From writer, director, and executive producer Joe Swanberg comes “Easy,” Netflix’s latest original series. “Easy” is an eight-episode collection of vignettes depicting sexual or romantic relationships in Chicago. The show is less about story than atmosphere; each episode feels like a living portrait, except instead of the characters as subjects, “Easy” is more invested in exposing the invisible relationship dynamic between the two.
Swanberg’s cinematic style has a place in modern film history; his 2005 debut “Kissing on the Mouth” was one of the first films to be called “mumblecore,” a sub-genre of indie filmmaking that emphasized natural conversation and low-budget production values, including, at the time, nonprofessional actors. But like everything that was hip in 2005, the genre has now become part of the establishment in its own way. The style of mumblecore inspired a whole crop of intimate television shows, and indeed, Swanberg’s fellow mumblecore directors Mark and Jay Duplass have become fixtures of brooding half-hour programming in “Togetherness” and “Transparent.”

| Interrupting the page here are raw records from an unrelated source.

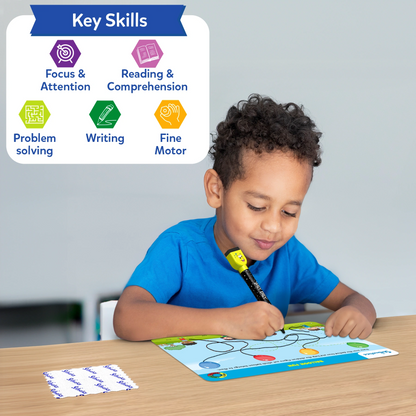 Young boy writing on Skillmatics I Can Write mat with included marker. Key skills highlighted: focus & attention, reading & comprehension, problem solving, writing, and fine motor development.
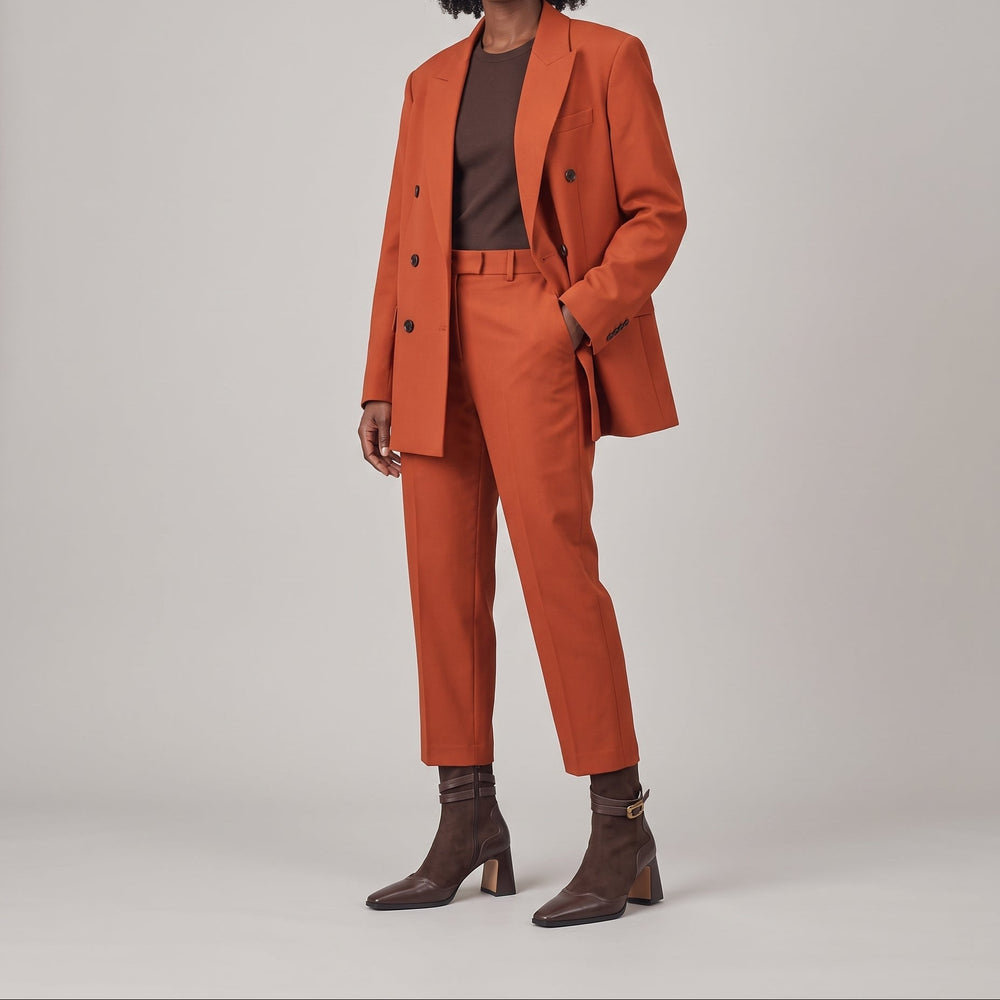 Romy Bootie in Brun Noisette worn with a rust tailored suit and a chocolate brown top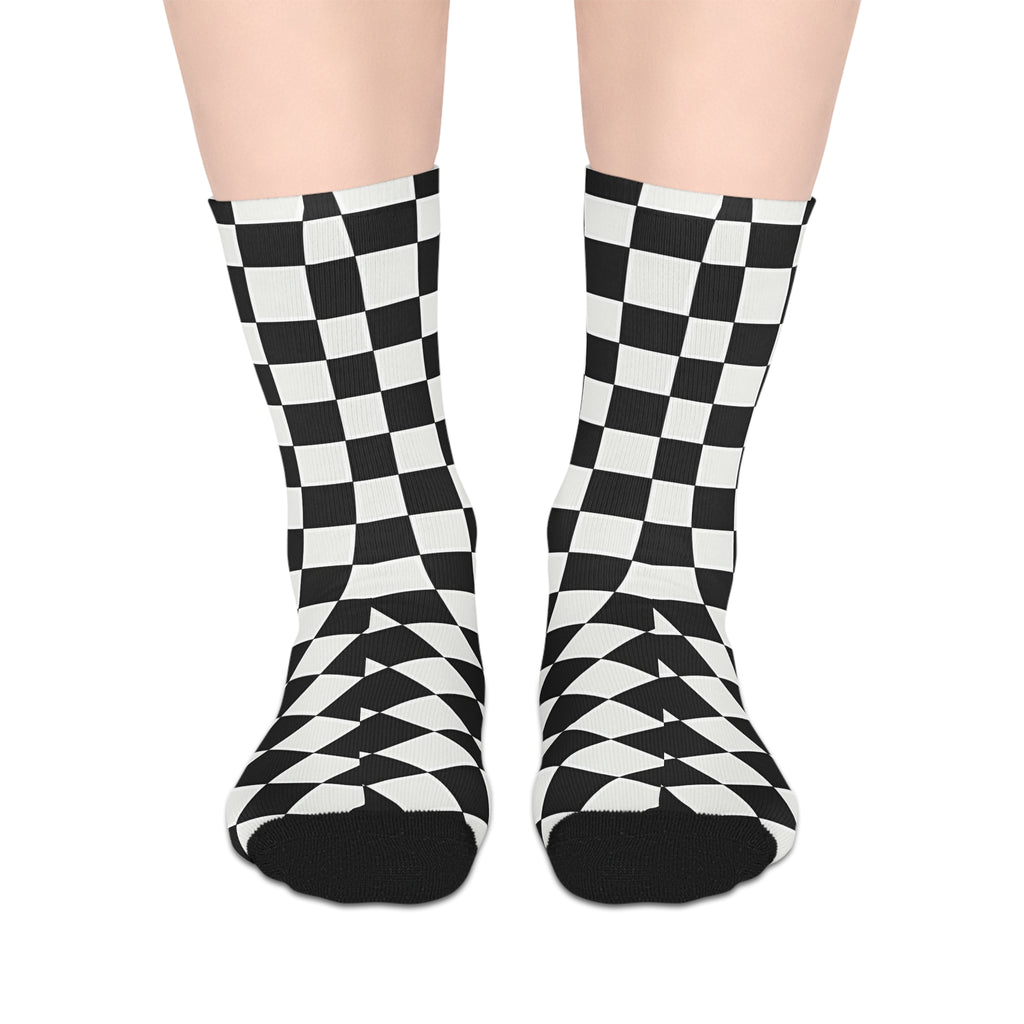 Black and white checkered socks on a plain background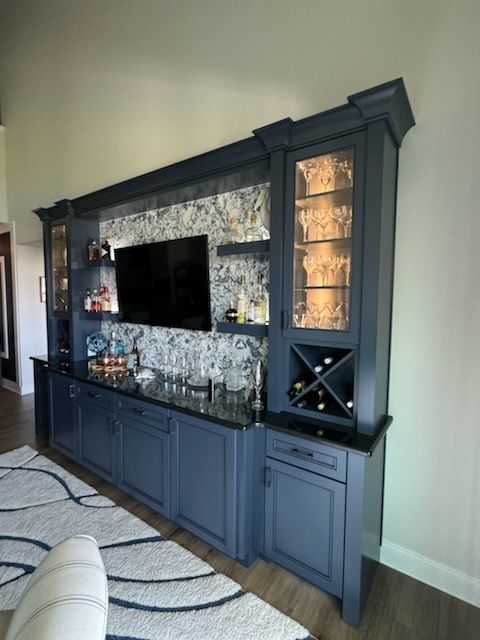 A living room with blue cabinets and a flat screen tv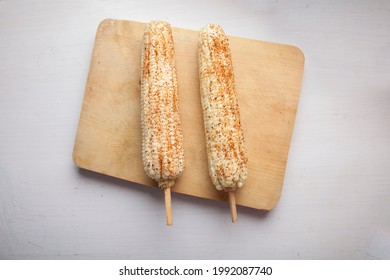 mexican boiled white corn on the cob with chili, lime and mayonnaise on wooden table 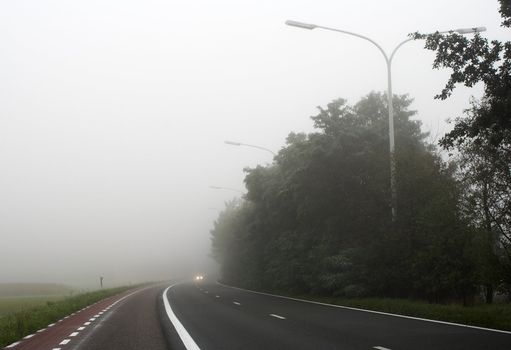  Misty main road with car headlights visible through the mist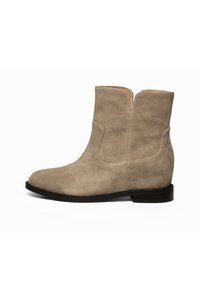 Beige mockaskinnankelboots med en strömlinjeformad design, låg svart klack och en vertikal sömdetalj på utsidan.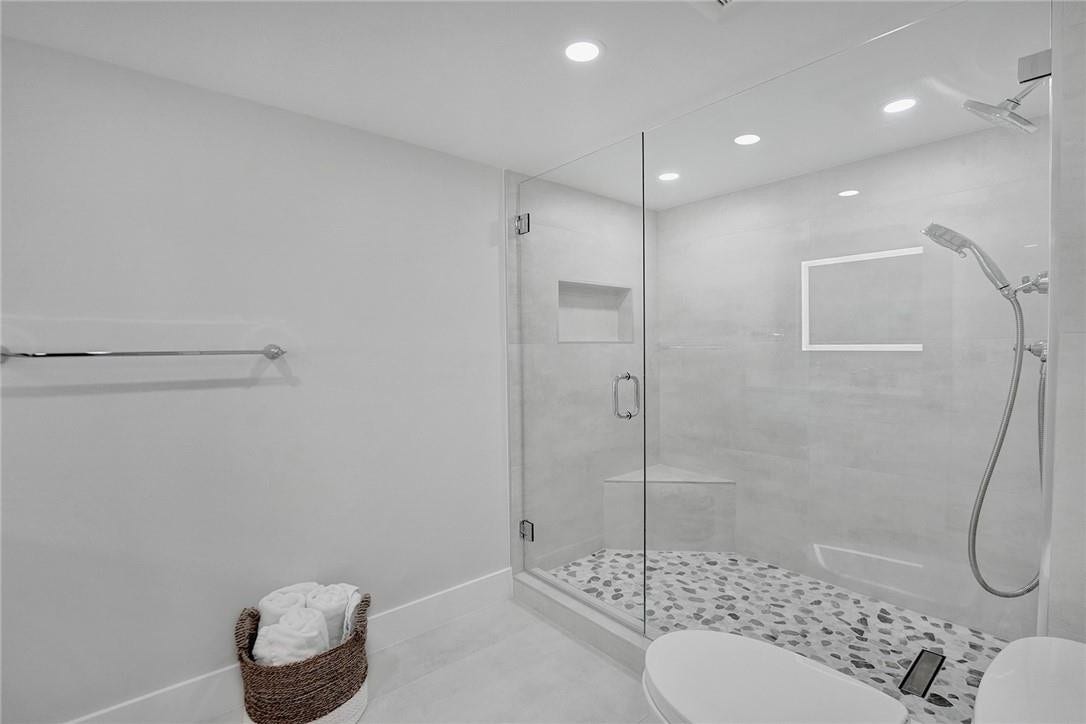 The second bathroom has a frameless glass shower enclosure and stone tile flooring.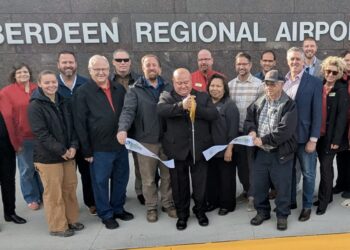 Aberdeen Transportation Director Rich Krokel cuts the ribbon during a ceremony on Thursday, Nov. 6 in recognition of work to rebuild the airport parking lot and access road being substantially complete. Aberdeen Insider photo by Scott Waltman.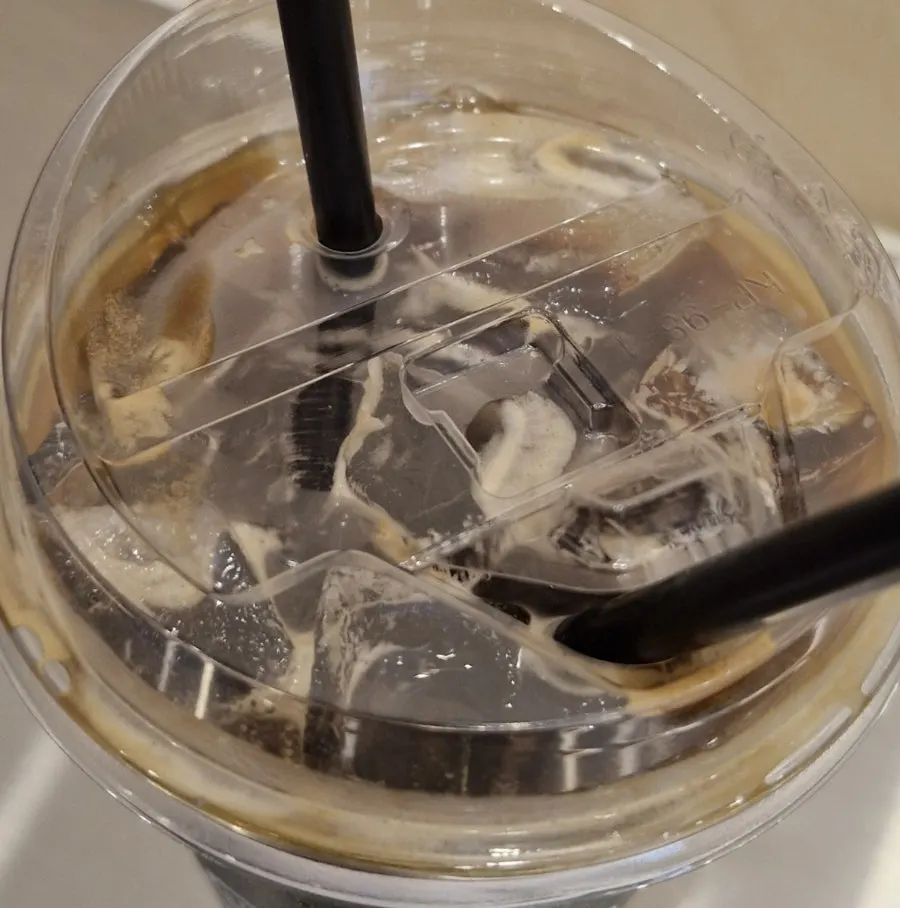 Iced americano with a straw inserted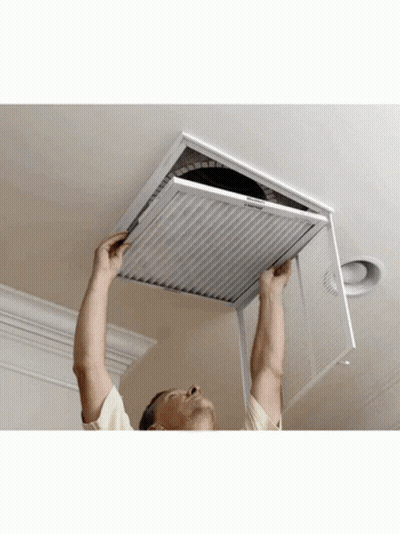 A Man Is Installing A Filter On A Ceiling That Says Emerson GIF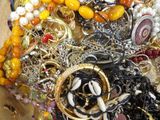 a pile of assorted jewelry sitting on a table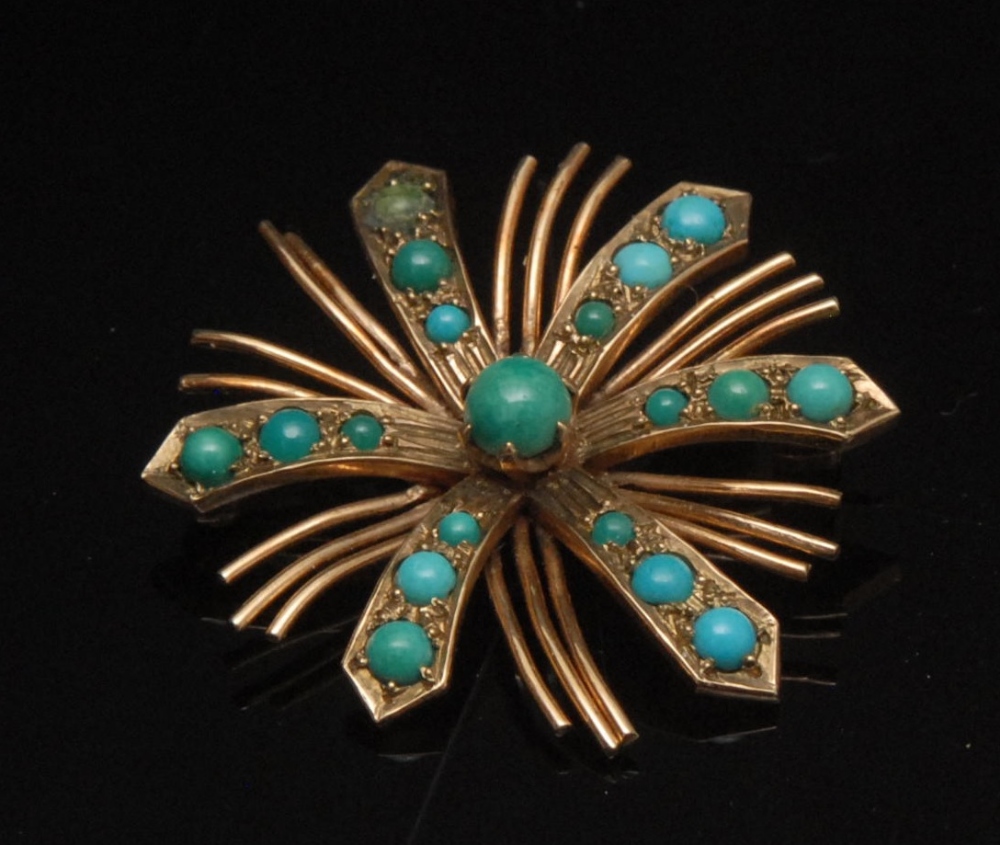 A 20th century turquoise flower brooch, central green turquoise cabochon surrounded by six arching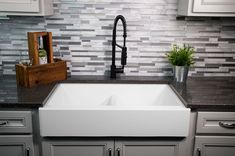 a white kitchen sink sitting under a faucet in front of a counter top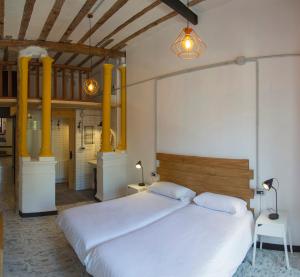 a bedroom with a large white bed and yellow columns at Green River Hostel in Cuenca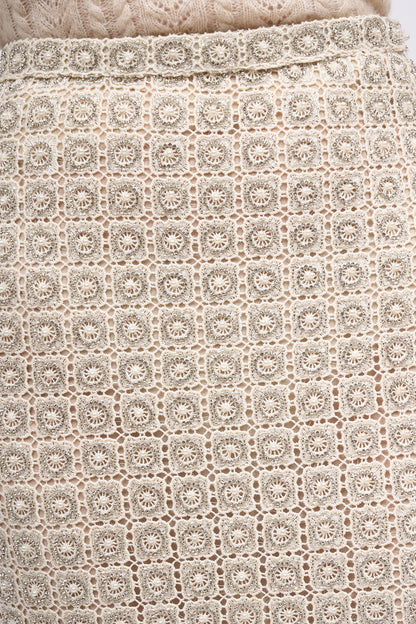 Close-up of the hand-embroidered cotton guipure lace on the Paul & Joe Diamant skirt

Now Swanberg is taking his turn with “Easy,” which offers bewitching intimacy to eight occasionally overlapping private lives. The naturalism of mumblecore has found its way into “Easy,” too, with conversations and, perhaps more notably, sex scenes that feel raw, unmediated, and authentic. It’s remarkable how lived-in Swanberg manages to make scenes with recognizable actors like Orlando Bloom, Elizabeth Reaser, Michael Chernus, and Malin Akerman. Actors clearly like working with Swanberg; the cast includes Aya Cash, Dave Franco, Zazie Beetz, Gugu Mbatha-Raw, Emily Ratajkowski, Raúl Castillo, and Jake Johnson. Swanberg excels at bringing the best out of his actors, and the partnership between apparently at-ease actor and apparently invisible camera creates an atmosphere so lived-in that it’s both welcoming and suffocating. People, and intimacy, are what fascinates Swanberg’s lens in “Easy” — the auteur wrote and directed all eight episodes.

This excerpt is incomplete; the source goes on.